I'm glad FPGA's are becoming a thing, and I think we're about a decade or two away from ASICs as a service, because if you're not beholden to tradition, you really can work some magic. Of course I'll be pretty rusty by then, but who knows, maybe medicine will keep me feisty.
Instructions on a CPU are something like to following (this is based on MIPS since x86 is a mess) The first 6 bits are the instruction, the rest is command specific. For add the next 12 would be 4 bits for each of the source registers and then the destination register and then various flags (overflow for example).

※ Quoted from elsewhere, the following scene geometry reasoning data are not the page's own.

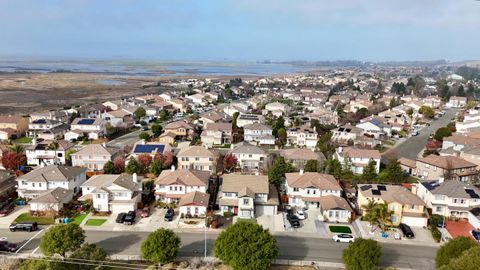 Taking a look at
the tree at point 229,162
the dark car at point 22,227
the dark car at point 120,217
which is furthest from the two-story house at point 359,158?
the dark car at point 22,227

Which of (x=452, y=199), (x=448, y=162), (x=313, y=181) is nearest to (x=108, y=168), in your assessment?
(x=313, y=181)

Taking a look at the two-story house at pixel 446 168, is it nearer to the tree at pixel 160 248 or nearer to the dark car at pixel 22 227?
the tree at pixel 160 248

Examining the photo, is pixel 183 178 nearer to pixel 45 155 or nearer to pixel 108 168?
pixel 108 168

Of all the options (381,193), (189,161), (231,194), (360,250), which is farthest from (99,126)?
(360,250)

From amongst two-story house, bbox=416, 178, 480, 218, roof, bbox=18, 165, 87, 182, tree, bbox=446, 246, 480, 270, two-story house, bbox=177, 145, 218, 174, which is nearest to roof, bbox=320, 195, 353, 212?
two-story house, bbox=416, 178, 480, 218

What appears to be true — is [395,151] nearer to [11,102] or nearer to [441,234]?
[441,234]

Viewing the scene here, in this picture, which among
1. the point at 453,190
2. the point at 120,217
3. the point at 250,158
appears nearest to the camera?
the point at 120,217

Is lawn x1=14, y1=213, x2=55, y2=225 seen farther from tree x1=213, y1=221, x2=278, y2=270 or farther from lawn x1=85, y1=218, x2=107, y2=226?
tree x1=213, y1=221, x2=278, y2=270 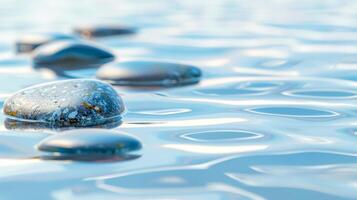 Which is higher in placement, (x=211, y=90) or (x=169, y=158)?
(x=211, y=90)

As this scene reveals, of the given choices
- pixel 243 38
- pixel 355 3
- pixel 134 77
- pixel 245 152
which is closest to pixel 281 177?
pixel 245 152

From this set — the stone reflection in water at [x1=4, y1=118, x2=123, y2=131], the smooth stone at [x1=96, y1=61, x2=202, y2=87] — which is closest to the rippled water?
the stone reflection in water at [x1=4, y1=118, x2=123, y2=131]

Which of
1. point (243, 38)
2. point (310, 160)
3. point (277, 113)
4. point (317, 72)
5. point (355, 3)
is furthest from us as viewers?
point (355, 3)

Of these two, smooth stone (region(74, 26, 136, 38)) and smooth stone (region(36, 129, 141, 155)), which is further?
smooth stone (region(74, 26, 136, 38))

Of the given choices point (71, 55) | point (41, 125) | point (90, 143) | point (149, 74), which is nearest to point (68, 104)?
point (41, 125)

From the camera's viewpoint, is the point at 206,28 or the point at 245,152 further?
the point at 206,28

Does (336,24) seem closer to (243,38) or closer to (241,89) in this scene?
(243,38)

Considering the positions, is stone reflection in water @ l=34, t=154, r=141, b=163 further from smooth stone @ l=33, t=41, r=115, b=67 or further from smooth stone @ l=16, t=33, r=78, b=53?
smooth stone @ l=16, t=33, r=78, b=53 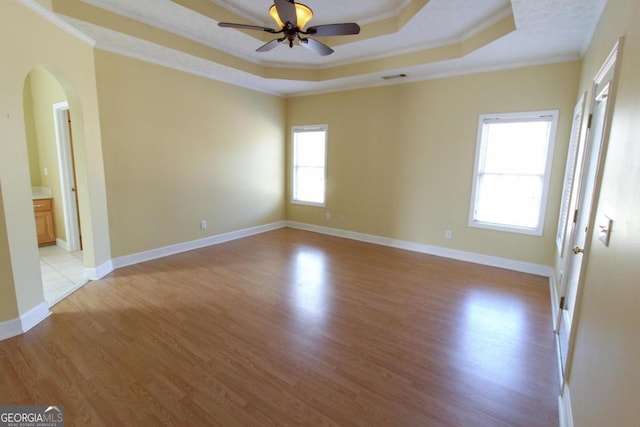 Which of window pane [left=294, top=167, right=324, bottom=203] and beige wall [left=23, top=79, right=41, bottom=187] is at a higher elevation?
beige wall [left=23, top=79, right=41, bottom=187]

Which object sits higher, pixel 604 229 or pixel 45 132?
pixel 45 132

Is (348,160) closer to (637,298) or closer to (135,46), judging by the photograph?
(135,46)

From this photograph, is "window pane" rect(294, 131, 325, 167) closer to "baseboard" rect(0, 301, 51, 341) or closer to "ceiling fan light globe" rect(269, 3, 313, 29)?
"ceiling fan light globe" rect(269, 3, 313, 29)

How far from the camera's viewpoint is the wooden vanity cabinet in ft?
15.8

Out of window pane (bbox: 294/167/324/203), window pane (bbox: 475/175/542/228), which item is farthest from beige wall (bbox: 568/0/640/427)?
window pane (bbox: 294/167/324/203)

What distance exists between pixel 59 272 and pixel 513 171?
20.2 feet

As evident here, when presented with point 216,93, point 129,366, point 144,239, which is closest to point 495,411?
point 129,366

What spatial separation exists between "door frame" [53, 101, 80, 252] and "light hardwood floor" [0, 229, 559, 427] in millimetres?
1591

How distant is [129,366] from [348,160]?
182 inches

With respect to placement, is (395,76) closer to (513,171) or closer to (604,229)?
(513,171)

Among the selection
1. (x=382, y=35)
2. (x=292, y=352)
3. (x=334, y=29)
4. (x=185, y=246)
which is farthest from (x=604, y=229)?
(x=185, y=246)

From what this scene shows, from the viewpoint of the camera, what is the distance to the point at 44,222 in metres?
4.90

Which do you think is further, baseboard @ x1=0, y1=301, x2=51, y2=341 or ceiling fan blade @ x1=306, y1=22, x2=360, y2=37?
ceiling fan blade @ x1=306, y1=22, x2=360, y2=37

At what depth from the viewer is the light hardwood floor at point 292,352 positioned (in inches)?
74.0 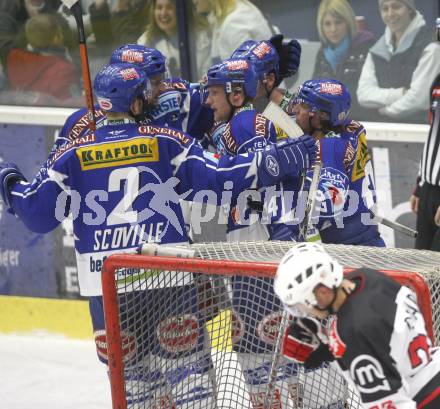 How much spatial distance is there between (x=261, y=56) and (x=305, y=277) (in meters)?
1.80

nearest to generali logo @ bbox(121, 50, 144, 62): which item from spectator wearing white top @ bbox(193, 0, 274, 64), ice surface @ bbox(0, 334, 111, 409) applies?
spectator wearing white top @ bbox(193, 0, 274, 64)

If instead they only worked on memory they would have a lot more possible instructions - but there isn't enough room on CPUs to design that many instructions anyway so who cares, followed by the all three memory addresses. This means that every CPU instruction needs to read 3 times as much memory before doing anything. Worse, most of those are pointers: when you compile the code you don't know the location of those address, so in most cases it is read the instruction from the program, then go back to the stack to read the address of the next values, then read those locations. That is a lot of memory access and memory access is expensive. Of course as you can say you can just use caching, but cache is expensive and now you need to add 3 times as much - this is too big for the fast level one cache so now you are expanding level two cache and seeing a lot more cache misses in the level one cache.
The above would all be okay, but it turns out that given enough registers (x86 fails here) in most cases you are operating on the same set of values all the time, (indeed the stack locations each of the above is referring too is probably a small set of variables) so if the compiler is careful it can manage all that. The compiler has better information on when things need to be committed to memory anyway so let it handle that.
I'd venture to guess green users could use this ambiguity to play subtle rhetorical tricks on users with a moderate number of points here.